Both love story and Pygmalion nightmare, Sofia Coppola’s “Priscilla” shows us a girl becoming a woman in a strange, intoxicating world. Priscilla Beaulieu (Cailee Spaeny) is just 14 in 1959 when she meets Elvis Presley (Jacob Elordi), then a 24-year-old Army soldier serving overseas — and the biggest rock ’n’ roll star in the world. Bored and unhappy in Germany, where her military family is stationed, Priscilla catches Elvis’ melancholy eye at a party and two lonely, homesick souls connect. “It’s really nice to talk to someone from home,” he says to her, in his pillowy drawl. An electric connection began, continuing through her teenage years (when 17-year-old Priscilla, with her parents’ permission, went to live with him at Graceland, his home in Tennessee), their eventual marriage and their ultimate divorce, only 14 years after that first meeting.

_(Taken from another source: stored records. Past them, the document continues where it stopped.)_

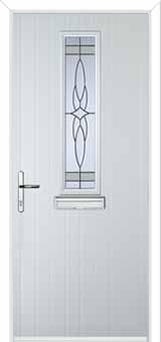 Mid Square (centre) Crystal Harmony Composite Front Door in White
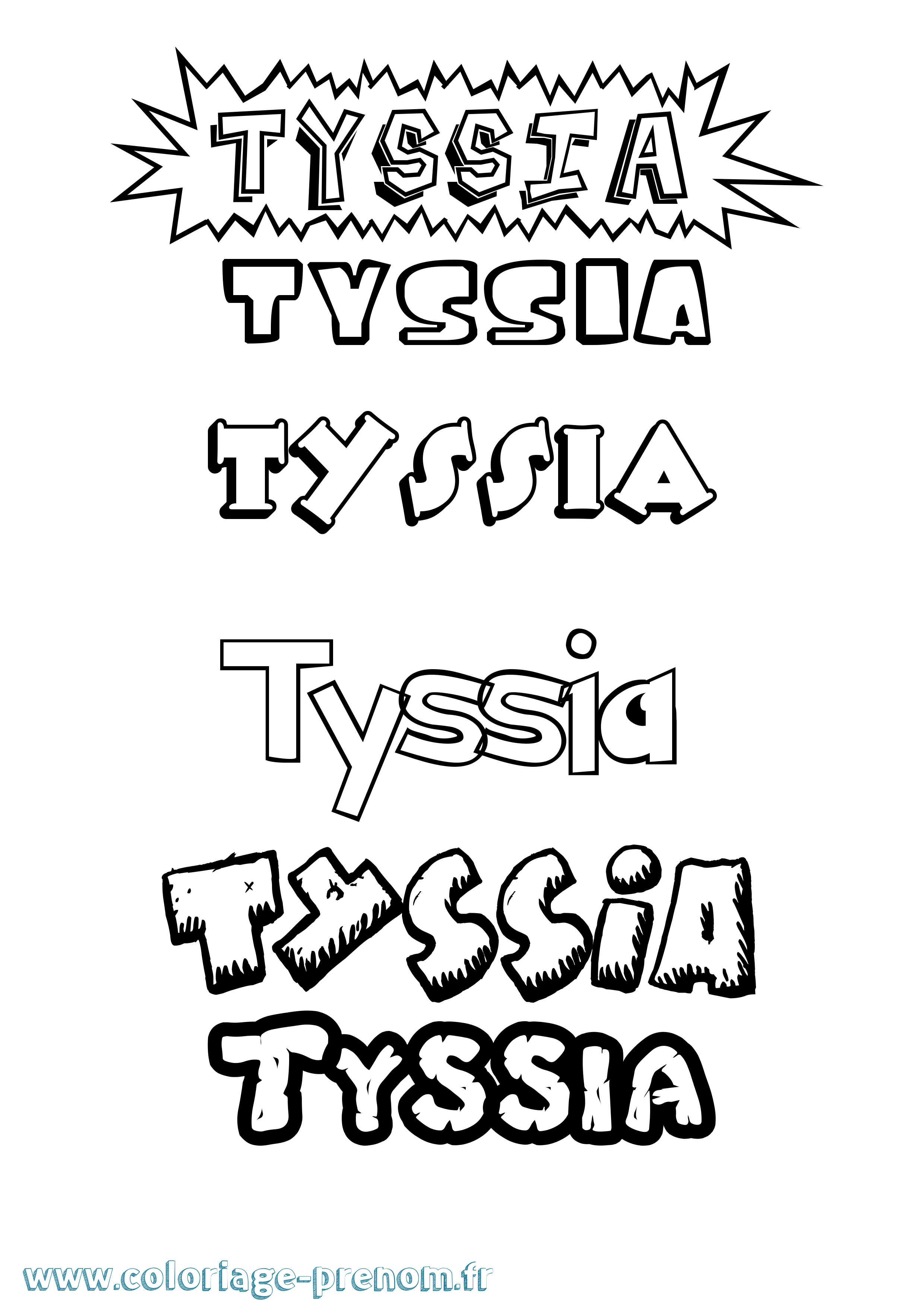 Coloriage Tyssia Dessin Animé Coloriage prénom Tyssia Dessin Animé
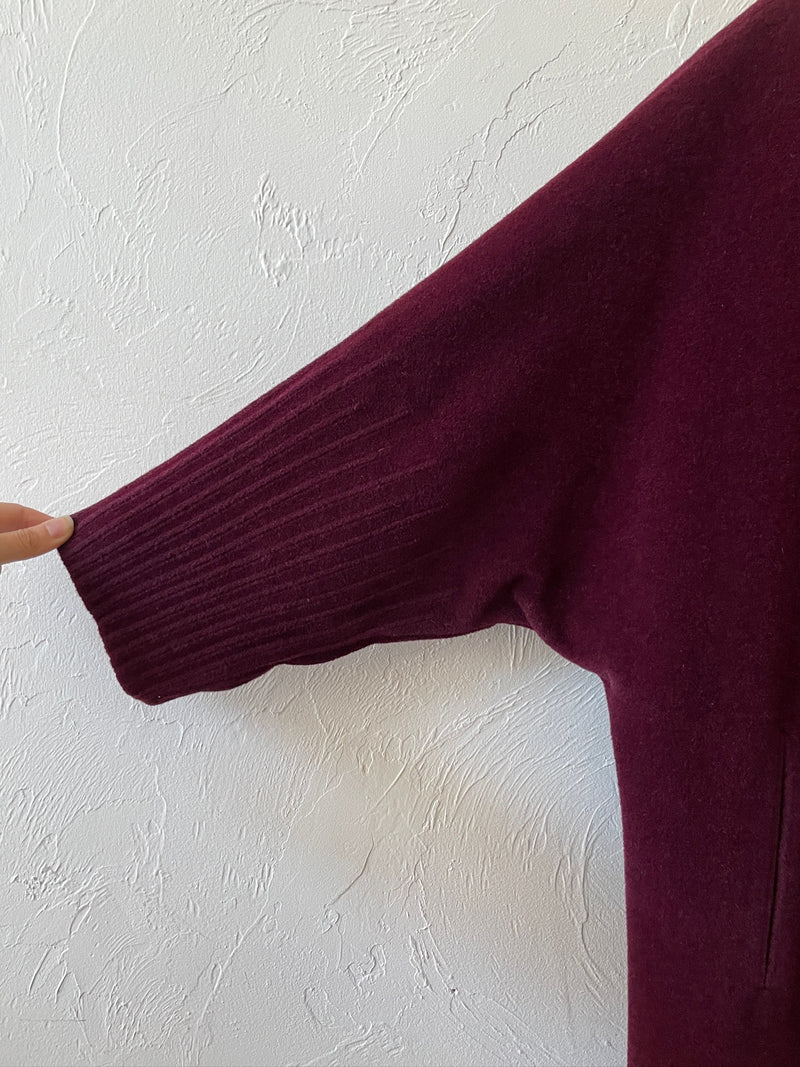 Vintage 50s Lilli Ann Burgundy French Wool Coat L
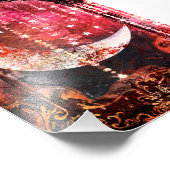 Scarlet und Sepia Mystical Moon Crystals Fotodruck (Ecke)
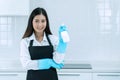 Housekeeper concept. Professional woman wearing aprons and rubber protective blue gloves holding bottle cleaners in the Royalty Free Stock Photo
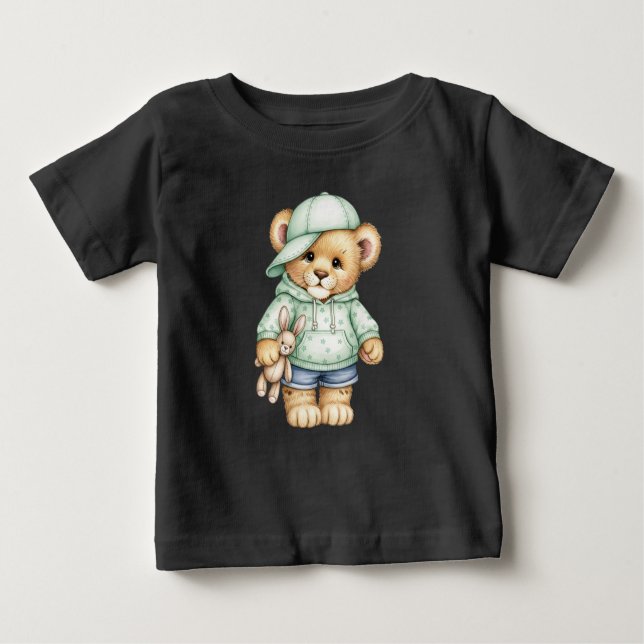 Lion cub in Hoodie und Denim Shorts von Natasha Baby T-shirt (Vorderseite)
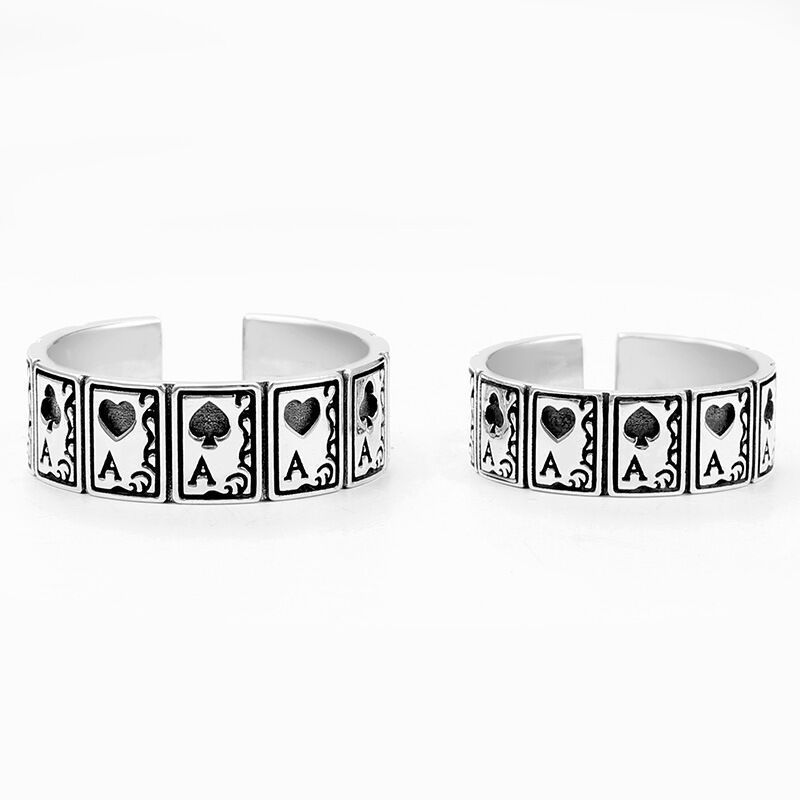 Retro Special Design Mahjong Playing Card Spades A Ring for Men Women Adjustable Opening Rings Trendy Jewelry Gift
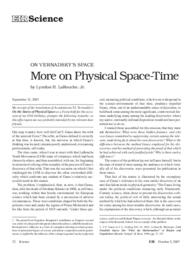 2007-10-05: On Vernadsky’s Space: More on Physical Space-Time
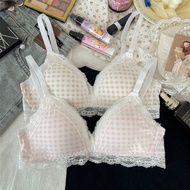 K48A Sweet Lace Plaid Bra - Breathable Fabric for Small Breasts Support
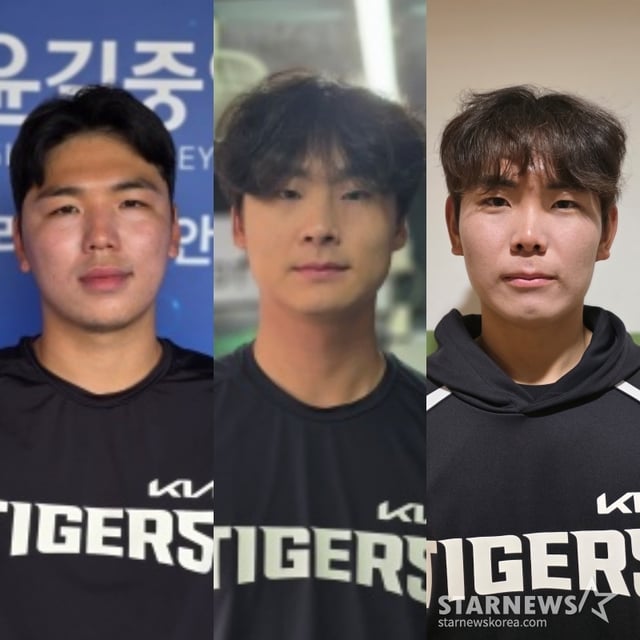From left: KIA 7th-round pick Hwang Dong-ha, 5th-round pick Kwak Do-gyu, and 10th-round pick Sung Young-tak. /Photo=Reporter Kim Dong-yun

It’s clear why Coppola, whose languidly beautiful films (“The Virgin Suicides,” “Marie Antoinette,” “The Beguiled”) often explore the lives of sad-eyed teenage girls wandering through a strange new world, was drawn to this story. Spaeny’s quiet, watchful Priscilla strolls through Graceland — where she’s often alone, as Elvis goes off to tour or make movies — like a lonely, indolent queen. She tries hard to be more grown up: carefully applying winged eyeliner, styling her hair in an enormous bouffant (you can see the beads of hair spray, like drops of mist in the fog), listening as Elvis tells her what to wear, how to act, what to do. We see him as both a control-freak creep (“Promise me you’ll stay the way you are now,” he tells Priscilla, early on) and a bit of a lost soul — living in a bubble, unprepared for the solitude of stardom, stuck in permanent youth.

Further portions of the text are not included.